-------- SOURCE DATA --------

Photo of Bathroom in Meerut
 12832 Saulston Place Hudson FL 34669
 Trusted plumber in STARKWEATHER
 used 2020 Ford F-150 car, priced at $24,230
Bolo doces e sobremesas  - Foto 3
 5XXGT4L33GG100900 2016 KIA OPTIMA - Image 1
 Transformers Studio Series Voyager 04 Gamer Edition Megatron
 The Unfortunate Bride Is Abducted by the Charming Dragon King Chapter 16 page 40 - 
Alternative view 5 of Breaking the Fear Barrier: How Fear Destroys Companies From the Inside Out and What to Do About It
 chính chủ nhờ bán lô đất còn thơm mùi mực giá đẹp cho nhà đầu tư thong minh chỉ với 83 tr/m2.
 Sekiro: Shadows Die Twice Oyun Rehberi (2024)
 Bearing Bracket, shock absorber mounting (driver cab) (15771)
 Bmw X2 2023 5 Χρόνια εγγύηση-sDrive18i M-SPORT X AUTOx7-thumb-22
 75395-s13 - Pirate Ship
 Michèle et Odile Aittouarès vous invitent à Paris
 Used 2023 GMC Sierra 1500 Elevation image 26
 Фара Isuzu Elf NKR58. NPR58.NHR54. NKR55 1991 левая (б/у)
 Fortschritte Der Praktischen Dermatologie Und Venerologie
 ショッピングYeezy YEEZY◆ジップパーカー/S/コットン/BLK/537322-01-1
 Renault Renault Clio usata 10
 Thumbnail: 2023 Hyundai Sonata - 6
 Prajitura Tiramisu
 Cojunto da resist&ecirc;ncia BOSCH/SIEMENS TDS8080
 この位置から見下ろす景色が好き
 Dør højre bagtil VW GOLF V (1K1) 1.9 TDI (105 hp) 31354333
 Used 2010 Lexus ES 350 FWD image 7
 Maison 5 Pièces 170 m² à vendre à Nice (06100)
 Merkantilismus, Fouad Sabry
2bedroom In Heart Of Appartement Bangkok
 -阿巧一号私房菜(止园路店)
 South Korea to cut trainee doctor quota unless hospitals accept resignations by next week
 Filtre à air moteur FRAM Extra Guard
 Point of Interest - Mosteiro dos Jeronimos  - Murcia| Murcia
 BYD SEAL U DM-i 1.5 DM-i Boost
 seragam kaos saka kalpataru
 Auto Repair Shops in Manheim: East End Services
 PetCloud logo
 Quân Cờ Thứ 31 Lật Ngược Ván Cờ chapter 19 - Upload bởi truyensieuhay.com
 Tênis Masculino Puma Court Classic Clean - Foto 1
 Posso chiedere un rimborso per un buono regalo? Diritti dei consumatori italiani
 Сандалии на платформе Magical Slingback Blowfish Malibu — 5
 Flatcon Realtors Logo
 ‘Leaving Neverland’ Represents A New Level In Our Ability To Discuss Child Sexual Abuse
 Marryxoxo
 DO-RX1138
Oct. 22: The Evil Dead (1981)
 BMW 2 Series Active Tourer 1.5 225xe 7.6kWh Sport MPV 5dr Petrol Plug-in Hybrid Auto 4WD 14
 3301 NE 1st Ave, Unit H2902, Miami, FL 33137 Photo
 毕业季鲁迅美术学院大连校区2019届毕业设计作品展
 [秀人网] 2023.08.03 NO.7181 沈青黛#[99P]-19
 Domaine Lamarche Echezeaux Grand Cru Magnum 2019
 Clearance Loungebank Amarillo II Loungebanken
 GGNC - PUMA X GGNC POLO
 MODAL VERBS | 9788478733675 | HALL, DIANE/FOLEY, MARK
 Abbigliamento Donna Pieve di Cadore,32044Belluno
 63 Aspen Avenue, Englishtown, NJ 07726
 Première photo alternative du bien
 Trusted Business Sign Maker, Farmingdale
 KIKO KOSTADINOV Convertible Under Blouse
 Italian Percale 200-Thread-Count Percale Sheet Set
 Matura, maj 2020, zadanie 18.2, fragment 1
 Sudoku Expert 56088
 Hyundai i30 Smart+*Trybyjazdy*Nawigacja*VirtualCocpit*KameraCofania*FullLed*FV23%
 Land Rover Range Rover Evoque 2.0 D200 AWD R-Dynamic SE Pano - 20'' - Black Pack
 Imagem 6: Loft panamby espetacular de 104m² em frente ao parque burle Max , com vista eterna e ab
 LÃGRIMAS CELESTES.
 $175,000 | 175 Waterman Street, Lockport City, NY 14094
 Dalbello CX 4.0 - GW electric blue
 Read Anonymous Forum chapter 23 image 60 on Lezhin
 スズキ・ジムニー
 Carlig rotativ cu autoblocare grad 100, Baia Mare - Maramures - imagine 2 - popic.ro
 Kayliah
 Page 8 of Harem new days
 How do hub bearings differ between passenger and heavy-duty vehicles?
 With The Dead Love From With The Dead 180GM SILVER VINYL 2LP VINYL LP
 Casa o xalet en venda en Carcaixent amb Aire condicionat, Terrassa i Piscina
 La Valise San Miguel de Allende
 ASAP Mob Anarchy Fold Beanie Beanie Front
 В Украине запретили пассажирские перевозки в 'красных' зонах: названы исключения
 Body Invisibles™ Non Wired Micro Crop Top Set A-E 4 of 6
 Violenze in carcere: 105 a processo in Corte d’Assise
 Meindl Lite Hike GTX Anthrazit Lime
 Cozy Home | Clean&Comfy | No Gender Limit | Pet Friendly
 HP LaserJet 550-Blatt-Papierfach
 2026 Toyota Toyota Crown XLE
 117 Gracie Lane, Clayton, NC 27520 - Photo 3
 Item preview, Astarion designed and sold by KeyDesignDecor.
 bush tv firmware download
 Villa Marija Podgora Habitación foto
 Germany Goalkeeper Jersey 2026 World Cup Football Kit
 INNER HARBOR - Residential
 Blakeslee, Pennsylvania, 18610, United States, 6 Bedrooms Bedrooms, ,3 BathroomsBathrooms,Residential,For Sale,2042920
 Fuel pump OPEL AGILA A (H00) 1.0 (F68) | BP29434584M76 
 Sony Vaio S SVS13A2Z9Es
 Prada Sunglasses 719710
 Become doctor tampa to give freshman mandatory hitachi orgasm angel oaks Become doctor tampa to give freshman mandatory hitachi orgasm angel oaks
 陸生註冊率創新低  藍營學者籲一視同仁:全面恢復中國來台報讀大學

--------

EXERCISE PROMPT: Give back precisely the lines above that start at the line containing "Bearing Bracket, shock" and end at the line containing "Sudoku Expert 56088", inclusive. No other lines belong in the output.

EXERCISE RESULT:
 Bearing Bracket, shock absorber mounting (driver cab) (15771)
 Bmw X2 2023 5 Χρόνια εγγύηση-sDrive18i M-SPORT X AUTOx7-thumb-22
 75395-s13 - Pirate Ship
 Michèle et Odile Aittouarès vous invitent à Paris
 Used 2023 GMC Sierra 1500 Elevation image 26
 Фара Isuzu Elf NKR58. NPR58.NHR54. NKR55 1991 левая (б/у)
 Fortschritte Der Praktischen Dermatologie Und Venerologie
 ショッピングYeezy YEEZY◆ジップパーカー/S/コットン/BLK/537322-01-1
 Renault Renault Clio usata 10
 Thumbnail: 2023 Hyundai Sonata - 6
 Prajitura Tiramisu
 Cojunto da resist&ecirc;ncia BOSCH/SIEMENS TDS8080
 この位置から見下ろす景色が好き
 Dør højre bagtil VW GOLF V (1K1) 1.9 TDI (105 hp) 31354333
 Used 2010 Lexus ES 350 FWD image 7
 Maison 5 Pièces 170 m² à vendre à Nice (06100)
 Merkantilismus, Fouad Sabry
2bedroom In Heart Of Appartement Bangkok
 -阿巧一号私房菜(止园路店)
 South Korea to cut trainee doctor quota unless hospitals accept resignations by next week
 Filtre à air moteur FRAM Extra Guard
 Point of Interest - Mosteiro dos Jeronimos  - Murcia| Murcia
 BYD SEAL U DM-i 1.5 DM-i Boost
 seragam kaos saka kalpataru
 Auto Repair Shops in Manheim: East End Services
 PetCloud logo
 Quân Cờ Thứ 31 Lật Ngược Ván Cờ chapter 19 - Upload bởi truyensieuhay.com
 Tênis Masculino Puma Court Classic Clean - Foto 1
 Posso chiedere un rimborso per un buono regalo? Diritti dei consumatori italiani
 Сандалии на платформе Magical Slingback Blowfish Malibu — 5
 Flatcon Realtors Logo
 ‘Leaving Neverland’ Represents A New Level In Our Ability To Discuss Child Sexual Abuse
 Marryxoxo
 DO-RX1138
Oct. 22: The Evil Dead (1981)
 BMW 2 Series Active Tourer 1.5 225xe 7.6kWh Sport MPV 5dr Petrol Plug-in Hybrid Auto 4WD 14
 3301 NE 1st Ave, Unit H2902, Miami, FL 33137 Photo
 毕业季鲁迅美术学院大连校区2019届毕业设计作品展
 [秀人网] 2023.08.03 NO.7181 沈青黛#[99P]-19
 Domaine Lamarche Echezeaux Grand Cru Magnum 2019
 Clearance Loungebank Amarillo II Loungebanken
 GGNC - PUMA X GGNC POLO
 MODAL VERBS | 9788478733675 | HALL, DIANE/FOLEY, MARK
 Abbigliamento Donna Pieve di Cadore,32044Belluno
 63 Aspen Avenue, Englishtown, NJ 07726
 Première photo alternative du bien
 Trusted Business Sign Maker, Farmingdale
 KIKO KOSTADINOV Convertible Under Blouse
 Italian Percale 200-Thread-Count Percale Sheet Set
 Matura, maj 2020, zadanie 18.2, fragment 1
 Sudoku Expert 56088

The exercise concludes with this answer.